The exam consists in a project assigned to each student individually. The student must demonstrate of being able to read and understand a scientific article from the literature on one of the topics of the course. The student, by preparing a report, must be able to describe and discuss with criticism and scientific rigor the assigned article. Moreover, he/she must provide a feasible and reliable implementation of the algorithm and replicate the experiments discussed in the paper as well as to try to widen the analysis of the results with his/her own experimentation. At this stage, the student can freely arrange his work and schedule, no deadlines are provided to the delivery of the project.
The student accesses to the second and final part of the exam, the oral test, just when he/she believes that the project is ready to be discussed. Thus, the student book a reservation for the incoming exam session. The oral test is organised in two separate parts. In the first part the student presents and discuss the project (possibly with the support of few slides) to the teacher.
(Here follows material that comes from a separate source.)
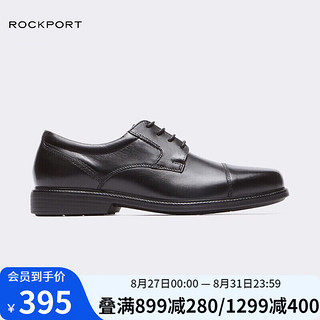 ROCKPORT 乐步 Charles Road系列 男士德比鞋 V80556 黑色 42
On completion of such a first stage, the oral test continues with some questions about the theoretical topics of the course. The teacher will evaluate the maturity of the student and his/her ability of providing answers with appropriate terms and technical/scientific rigor.
The final score will consider of both the accuracy of the presentation of the project and the quality of the oral test. The maximum score assigned is 30 and the minimum to pass the exam is 18.
The learning material is provided, in English, through the e-learning platform at the following weblink http://e-scienzeetecnologie.uniparthenope.it. To access the published material, the student must be regularly registered at the platform and subscribed at the course.
Appointments are taken by contacting the teacher by email.